Paris, the IT director at Kleinfelder, hopes Oracle's application sales and database sales teams will read the guidebook as well, so they can become familiar with each others' licensing terms. He said they've had difficulty trying to sort out the terms of the two types of contracts.
"I've had cases where I've told them: 'Guys, you need to do your homework,'" he said.
Oracle's sales team of more than 6,000 representatives will receive the document, as well as related training, Woods said.
Out of the entire sales team, she said there may be a handful who use inappropriate sales methods, "or there may be some who are new and don't have all the right information. This guide will put the onus on the sales rep and customer to be well informed."
Oracle recently faced controversy over its former $95 millionwith California as well as a pricing with customers over multiplexing, which is the transferring data to the Oracle database.
"There was confusion over the multiplexing (issue). It was not a new policy," Woods said. "That is why we're doing the guide. It's important for people to understand our policies."

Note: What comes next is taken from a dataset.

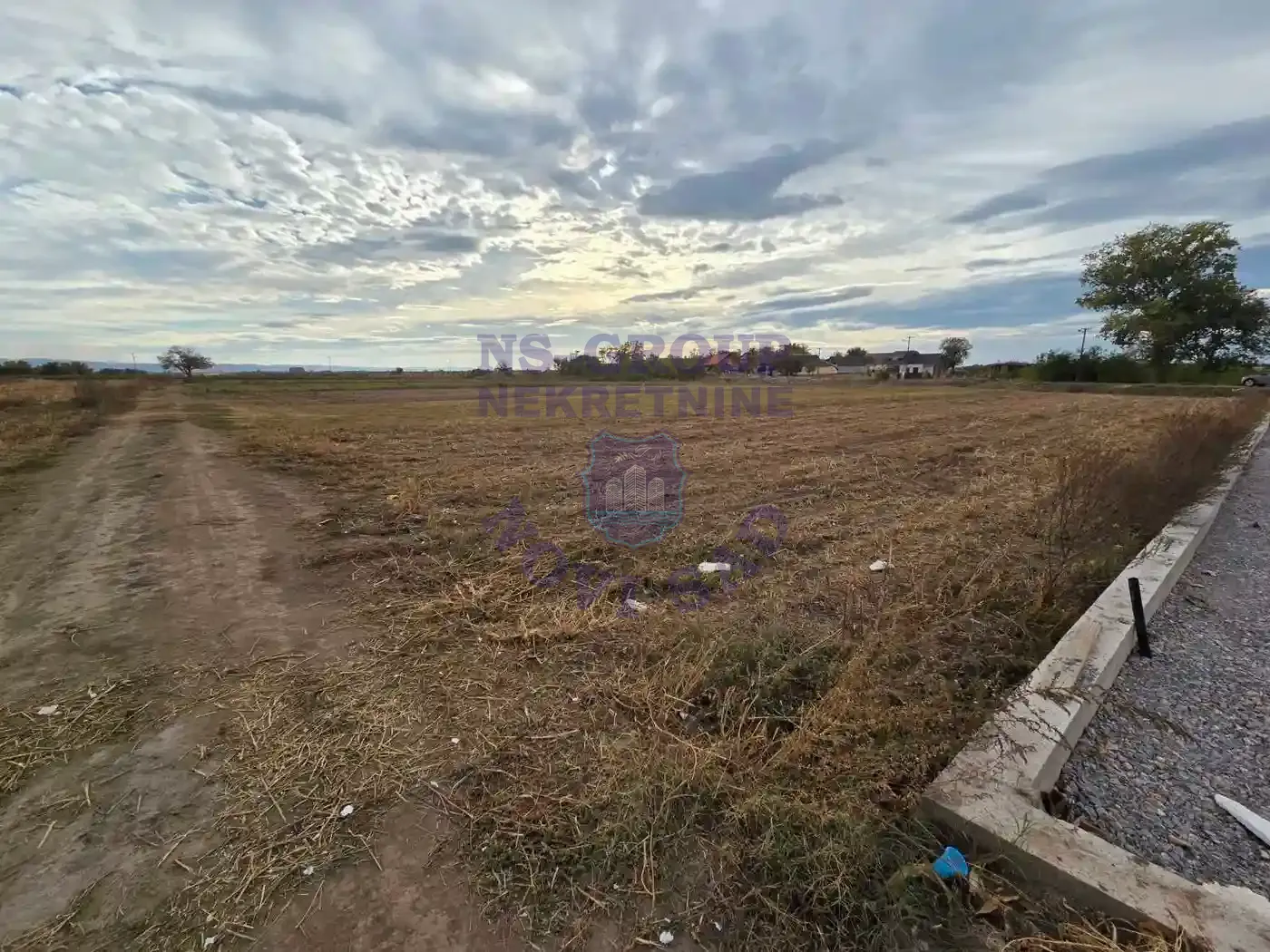 plac na prodaju Kisač 752m2 557696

The California case also made an impression on the database maker. Oracle stated in its recent annual filing with the Securities and Exchange Commission: "Even though we have rescinded the contract, our government business, in California and elsewhere, may be affected as a result of this controversy. Other government agencies may be hesitant to enter into an enterprise contract or other types of contracts with us for some period of time, and the negative publicity regarding this controversial contract may harm our reputation and adversely impact our business."
The state's technology buyers may find the guidebook useful in defining some of the licensing terms, but it will not serve as a shortcut for the state's own detailed financial analysis of any contract proposal from Oracle, said Clark Kelso, chief information officer for the state of California.
"It would be like a used car salesman telling you how much of a car you need," Kelso said. "You can make use of that information, but you don't suspend all judgment when trying to make a decision."